6 signs enterprise security is getting better

After decades of fumbling, companies have grown painfully aware of the risks of poor security and are finally taking best security practices and technologies seriously

As a traveling consultant, I visit lots of businesses during the year and examine their security plans. For decades, I’ve secretly scoffed at what they’ve tried to do because it was often too little, too late—and misdirected.

But these days, I run into more and more companies that get it right rather than wrong, with ideas that aren't broken but instead work. My audits and reports, which used to be 100-plus pages long and contain dozens of critical and high-severity findings, are now a lot shorter. (I sure hope they’ll pay me the same for a much briefer report.)

Why the improvement? It’s been gradual, yet at the same time driven by an increasing sense of urgency. Here are some of the developments that, in my opinion, have led to a significant upturn in effective enterprise security.

Fear of the consequences

The Sony Pictures and Target hacks from a few years ago were turning points for senior leadership and shareholders. Sure, big companies have lost tens to hundreds of millions of dollars in revenue or the cost of the response, but the Sony and Target hacking events were so much more. The Sony hack resulted in a long shutdown of services and publicly revealed intellectual property theft, not to mention the release of hugely embarrassing emails. The Target hack resulted in a change of CEO and CIO. Seven board directors were almost walked out the door, due to their failure to protect customers from the breach.

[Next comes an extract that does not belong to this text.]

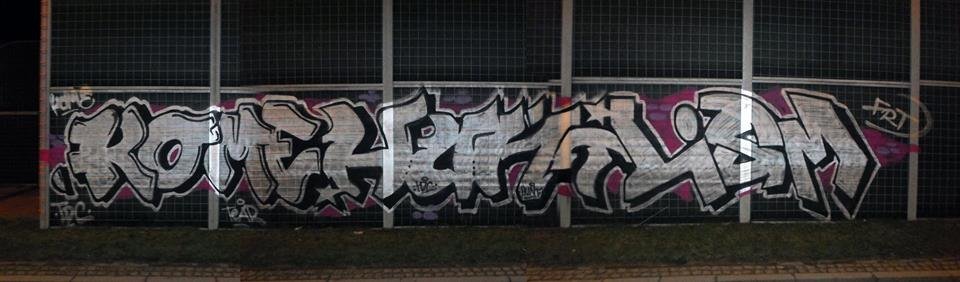 Graffiti Bombing - Photo by Huntone - tdc, frt, hunt (2014)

Those top-level firings and leakage of confidential information shook corporate America. Prior to those events, most IT security teams were seen as overly paranoid obstructionists who wanted to slow down legitimate business. After those events, IT security is now viewed as a crucial partner in helping any company remain viable. Today, when IT security speaks, the ears and purses of the company are open. The internal struggle between security and operational efficiency will always persist, but security is winning more battles.

I’m also seeing a lot more CISOs, CSOs, and even chief privacy officers. It used to be only the biggest companies had them. Now, even small companies designate a senior IT person as “security officer.”

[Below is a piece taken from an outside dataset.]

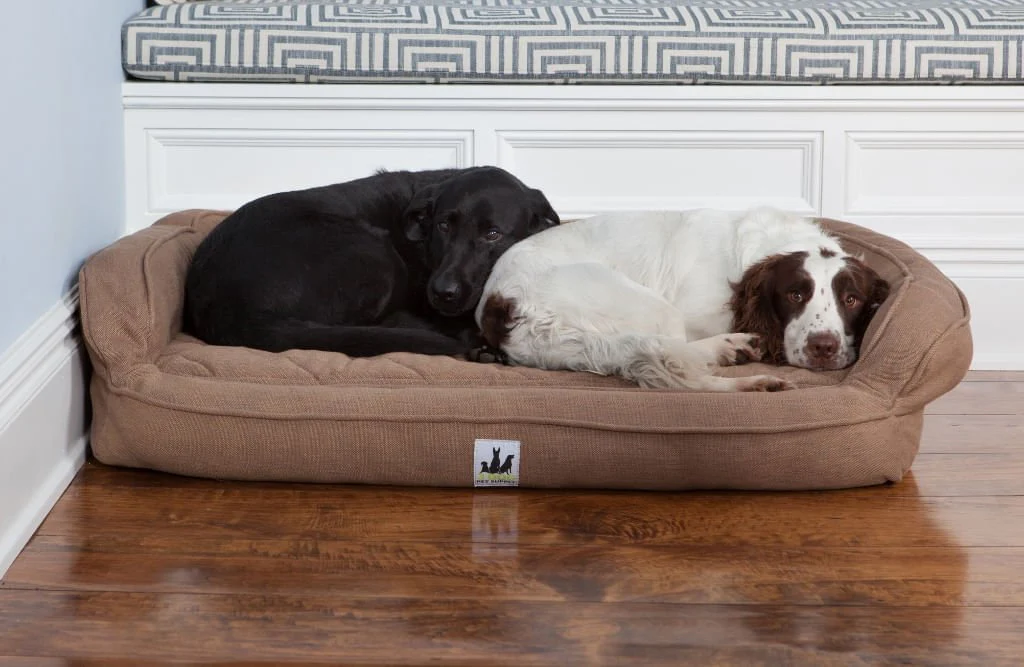 EZ-Wash Premium Headrest Memory Foam Dog Bed, Large - Healthber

Identity is becoming the security boundary

For decades, the security boundary was the network perimeter or firewall. Then it morphed to each individual computing device or host. Eventually, we all recognized that the security boundary isn’t physical–it’s identity. If a hacker or malware can steal a legitimate user’s logon credentials, then it’s open season on everything the user has access to. Secure identities and you secure the environment.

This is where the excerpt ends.